__Task objective__.
What is needed is a word-for-word transcript of the listing, free of pictures.

__Input data__.
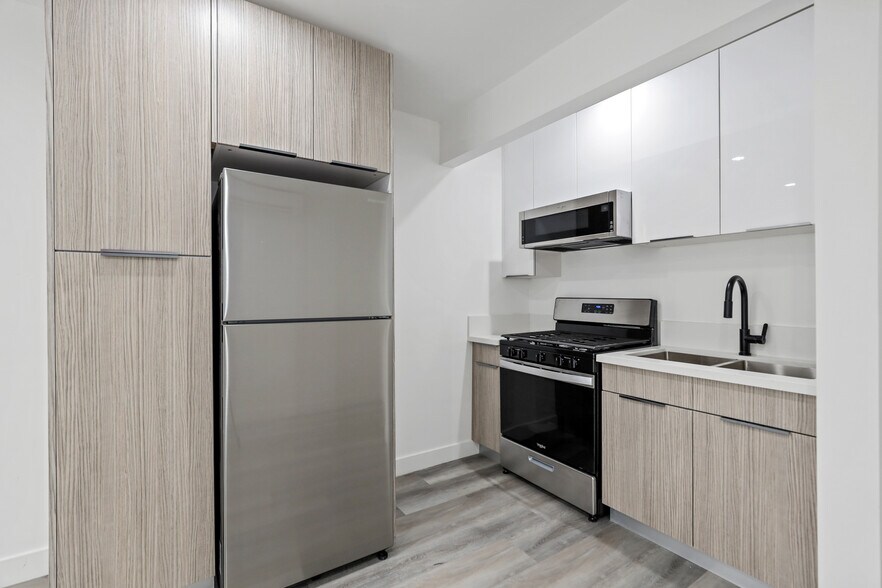 Building Photo - 2034 Garth Avenue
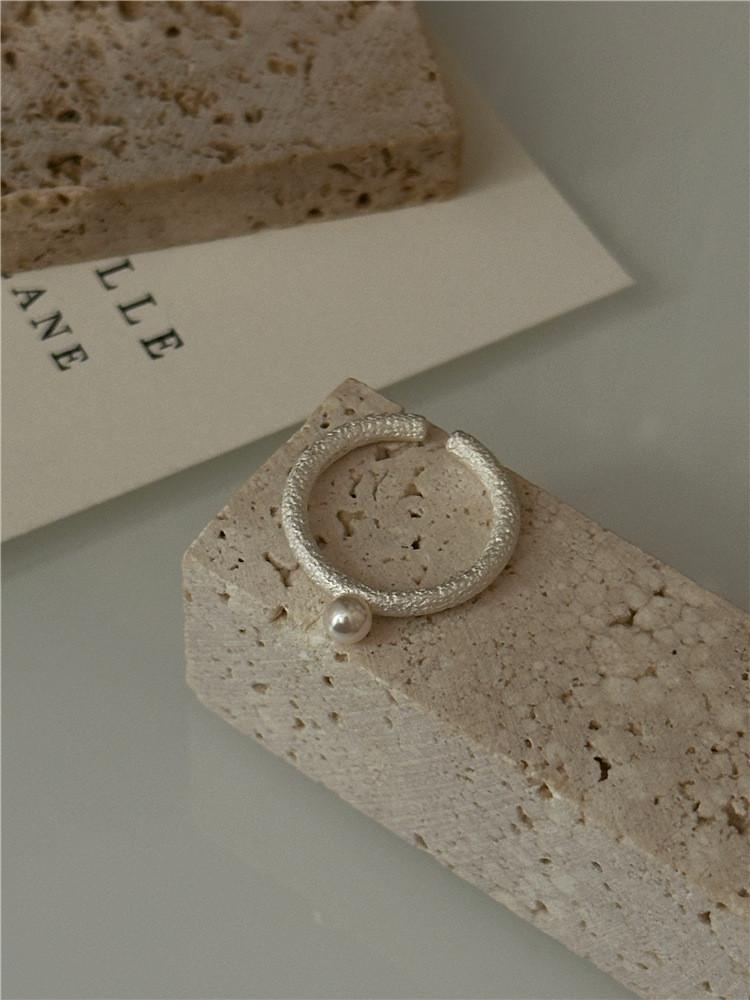 

Unique Fashion 2024 Copper Geometric Ring For Women With Adjustable Open Fit Design J5557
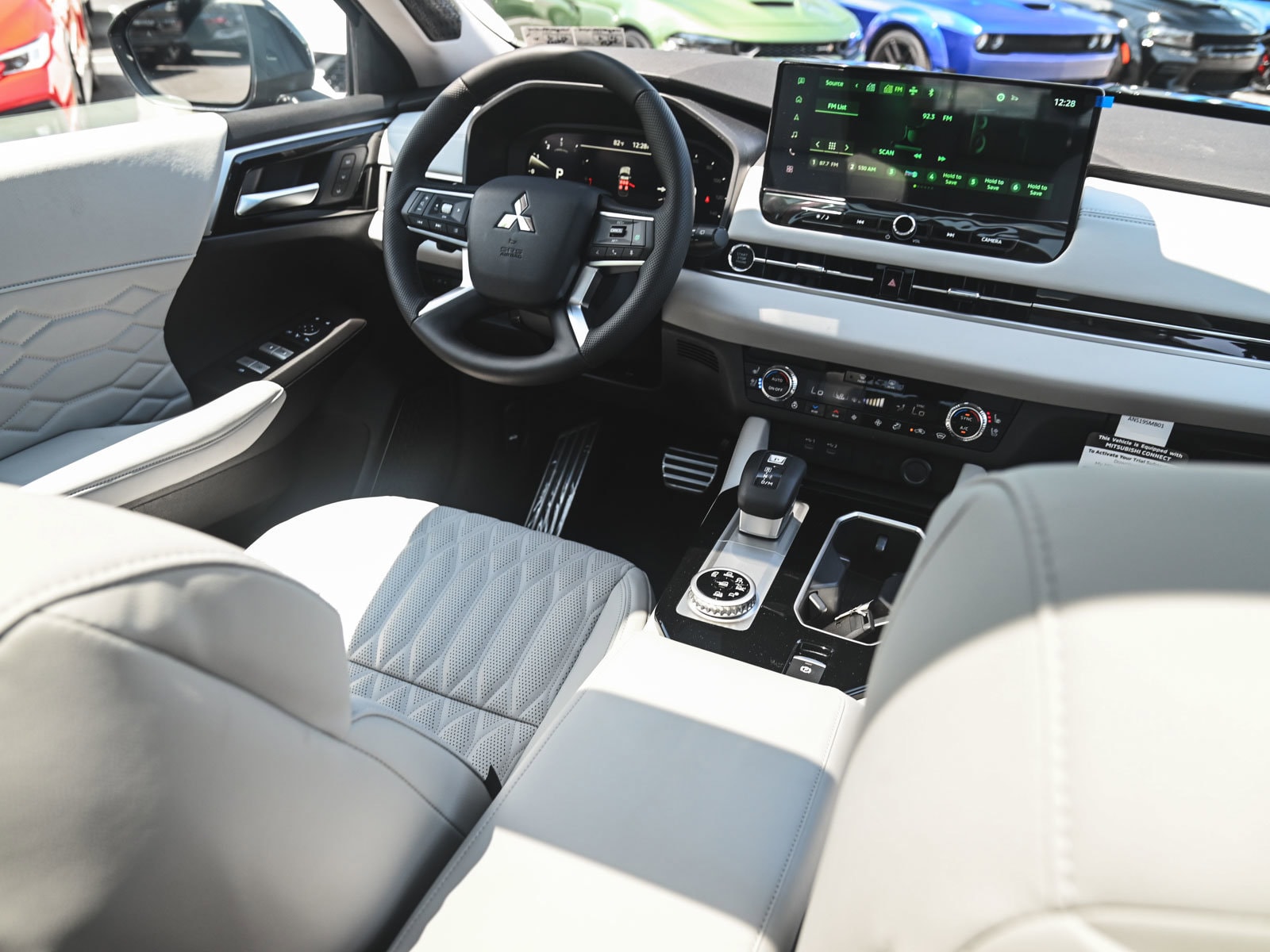 2025 Mitsubishi Outlander SEL Platinum Edition - Photo 30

__Solved problem__.
 Building Photo - 2034 Garth Avenue

Unique Fashion 2024 Copper Geometric Ring For Women With Adjustable Open Fit Design J5557
 2025 Mitsubishi Outlander SEL Platinum Edition - Photo 30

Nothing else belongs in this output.